お前が一昨日あったのは、ミスコンに出るための服を買いに行くために、宇髄の勧めで女の格好をした義勇だからな?

と、言われて何かがプチッと切れた。

「お前、紛らわしいんだよおぉぉーーー!!!」
そして絶叫。


それに宇髄がにやにや笑い、煉獄は苦笑。

「え?不死川が言ってた大人しそうで清楚な感じの綺麗な彼女って、義勇だったんだ?」
と、そこで思わず口にしてしまった憐れな村田に不死川の容赦ない蹴りが飛んだ。

まあこのあたりの反応はここでは当たり前なわけだが、男だけの世界というものに慣れていない義勇は十分驚いて、なにやら大変な事になっているのかと

「ご、ごめん!」
と、オロオロと謝る。

なんだか泣きそうな雰囲気の義勇に、今度は長男気質の不死川は自分のほうが慌ててしまった。

「いや、俺が勝手に事情知らねえで勘違いしただけだ。
こっちこそ悪かったなァ」
と、義勇に視線を合わせるように少し身をかがめて笑みを浮かべて言う。

そんな感じのバタバタがあって、一段落。


「ま、知らなきゃ本当の美少女に見えるってことは、決まりだよな」
と、宇髄が会長のデスクにあるミスコンの参加申込書の生徒会の欄に、冨岡義勇と名前を入れた。


「…ってことで、錆兎、今日は忙しいぞ。
面倒なジジイ達が怒涛のごとく来るから」

「あ?」
「今日から午後は学祭準備期間ということだからと、まあ毎年恒例ではあるが、OBの方々が来訪するとの連絡が入っている。
今日の予定は3名。
財務省の東さん、MATで研究をしている数学者の井川さん、あとは本庁のキャリア組で警視の加藤さんだ。
その他にもアポ無しで顔見せにくる先輩諸兄もいると思う」

「あ~…あの辺りか…」
と、錆兎は煉獄から来訪予定者リストを受け取り目を通す。

「確かに…若干面倒なあたりもいるな。
でもまあ卒業生の将来の就職に関わってくると思えば、無下にもできんな」

そんなやり取りをしていると、さっそく、たまたま呼び止められたらしい一般生徒がOBの来訪を告げてくる。

「ああ、お通ししてくれ。
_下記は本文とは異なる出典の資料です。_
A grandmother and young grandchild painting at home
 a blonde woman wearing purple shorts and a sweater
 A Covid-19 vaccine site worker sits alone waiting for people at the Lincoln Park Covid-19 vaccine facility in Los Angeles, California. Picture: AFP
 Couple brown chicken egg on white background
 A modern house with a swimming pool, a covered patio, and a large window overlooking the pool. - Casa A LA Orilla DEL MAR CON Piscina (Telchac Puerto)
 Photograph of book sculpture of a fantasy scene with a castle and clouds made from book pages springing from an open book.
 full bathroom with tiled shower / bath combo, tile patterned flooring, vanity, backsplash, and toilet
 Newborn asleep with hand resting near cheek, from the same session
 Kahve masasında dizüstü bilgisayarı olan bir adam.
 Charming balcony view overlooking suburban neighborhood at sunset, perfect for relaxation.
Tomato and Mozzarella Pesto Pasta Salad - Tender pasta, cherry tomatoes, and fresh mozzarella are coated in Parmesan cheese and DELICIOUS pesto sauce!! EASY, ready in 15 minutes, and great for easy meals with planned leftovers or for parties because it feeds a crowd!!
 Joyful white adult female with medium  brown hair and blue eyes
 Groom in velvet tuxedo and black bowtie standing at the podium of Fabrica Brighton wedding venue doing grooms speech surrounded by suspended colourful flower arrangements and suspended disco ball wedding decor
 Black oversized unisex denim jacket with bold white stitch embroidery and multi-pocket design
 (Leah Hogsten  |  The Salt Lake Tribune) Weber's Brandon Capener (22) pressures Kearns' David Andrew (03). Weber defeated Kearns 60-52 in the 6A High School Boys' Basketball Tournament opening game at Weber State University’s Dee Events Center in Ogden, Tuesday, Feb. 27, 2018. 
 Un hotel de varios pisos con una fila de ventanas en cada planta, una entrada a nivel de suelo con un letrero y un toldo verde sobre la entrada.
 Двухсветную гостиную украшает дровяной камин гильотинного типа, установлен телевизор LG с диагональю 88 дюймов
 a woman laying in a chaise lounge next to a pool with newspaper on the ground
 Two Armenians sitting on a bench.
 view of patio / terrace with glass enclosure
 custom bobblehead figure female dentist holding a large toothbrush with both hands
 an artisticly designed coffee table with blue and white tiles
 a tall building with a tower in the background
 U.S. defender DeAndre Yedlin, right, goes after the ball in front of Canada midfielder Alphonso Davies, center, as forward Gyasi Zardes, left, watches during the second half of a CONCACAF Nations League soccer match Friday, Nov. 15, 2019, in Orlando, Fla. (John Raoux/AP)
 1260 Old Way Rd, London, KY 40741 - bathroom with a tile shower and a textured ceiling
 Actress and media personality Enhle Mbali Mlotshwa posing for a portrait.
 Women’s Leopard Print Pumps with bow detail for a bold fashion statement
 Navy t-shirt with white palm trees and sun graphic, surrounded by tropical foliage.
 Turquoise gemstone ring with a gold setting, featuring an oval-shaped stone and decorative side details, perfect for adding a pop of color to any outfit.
」
と、錆兎は椅子から立ち上がった。


こうしてあっという間に大人3人に囲まれる錆兎。
先程の煉獄の説明の通りだとすると、それぞれすごい人物なのだろう。
そんな日本を動かしているであろう男達の会話に普通に加わる錆兎を見て、…今更ながら錆兎はすごい人間なんだなと義勇は思った。


そんな風にOBの3人の近況の話を聞いているうち、
「そう言えばお前、会長の推薦枠使ったって?
歴代の会長の中でも将来嘱望されてる錆兎がそこまでやるなんて、どういう奴だよ?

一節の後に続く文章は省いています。